My Life is Great. . . But
My life is great. It’s the best it’s ever been. But as my journey of self-discovery continues, I realize I need to acknowledge and honor the trauma I’ve experienced and work more directly on healing.
I’m an optimist by nature. I like to look forward, not back. I think regret is largely a waste.
Despite all this, I realize I need to do a better job of acknowledging the fact that hiding an essential part of my being from the world for more than fifty years (and doing my best to hide it from myself, too) stank. It really hurt, and it still hurts to this day.
I think I’ve minimized and ignored my trauma because it didn’t seem severe enough to me. Compared to trans people who have lost families, jobs, homes, financial stability—basically, their entire pre-transition lives, mine didn’t seem that bad. Maybe it wasn’t. But it was, and still is, real for me.
I know a lot of trans people who were and are miserably depressed by gender dysphoria.
I chose a different coping strategy. I choose not to feel at all, to the extent I could get away with it.
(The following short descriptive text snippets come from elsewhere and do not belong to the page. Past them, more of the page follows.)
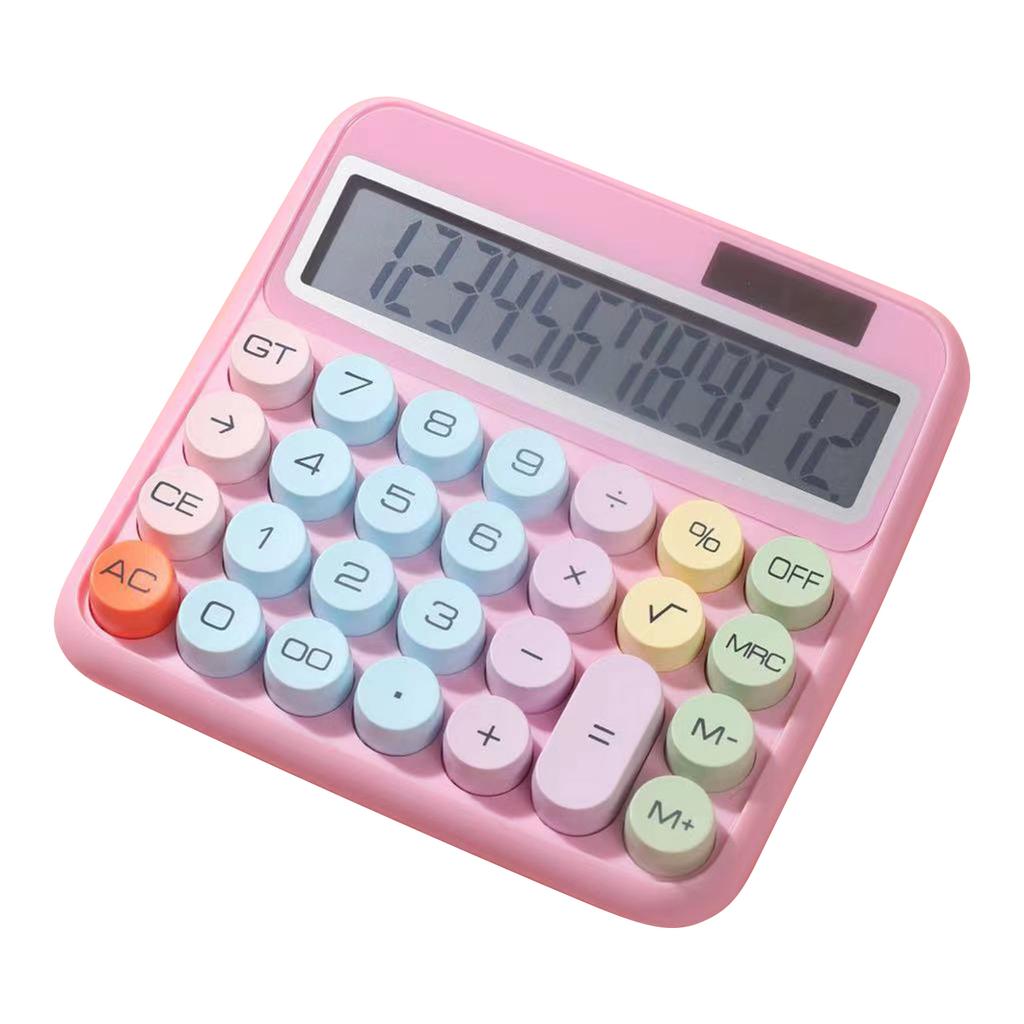 Roztomilá 12místná kalkulačka s velkým LCD displejem Kalkulačka mechanických spínačů s velkým LCD displejem pro studentské kancelářské práce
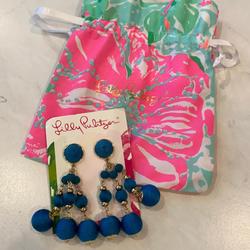 Lilly Pulitzer Jewelry | Lilly Blue Chandelier Festive Earrings | Color: Blue/Gold | Size: Os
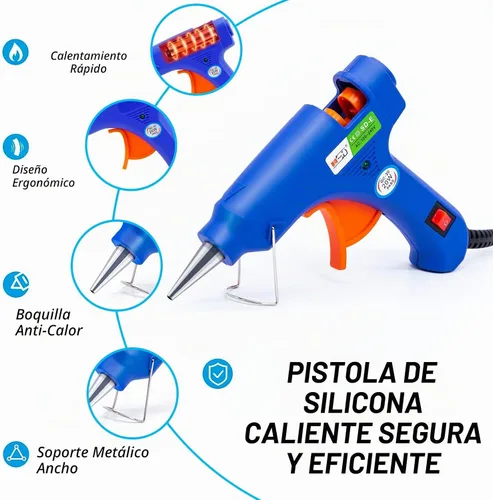 Vista 5 de Kit de pistola de pegamento caliente, 40 barras de pegamento para pistolas de pegamento mini con estuche de transporte de carcasa dura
That extracted a price too, and I’m still paying it. I now walk onto the battlefield of life without my mask, without my armor and with decades of scar tissue peeled away. I feel more acutely than I can ever remember. Sometimes it hurts. It really hurts. But much more often, it’s a thing of amazing joy and beauty.
Before I can move fully forward though, I have to do a bit more grieving and mourning for that little girl, that teen, that young woman who never got to live, except inside my head.
I wonder what she would have been like in grade school? I think she still would have loved reading; she still would have been something of a teacher’s pet; but I think she also wouldn’t have been so miserably lonely so much of the time. I don’t think she would have been the most popular girl in the class, but I think she would have had friends. A few really good friends can mean a lot.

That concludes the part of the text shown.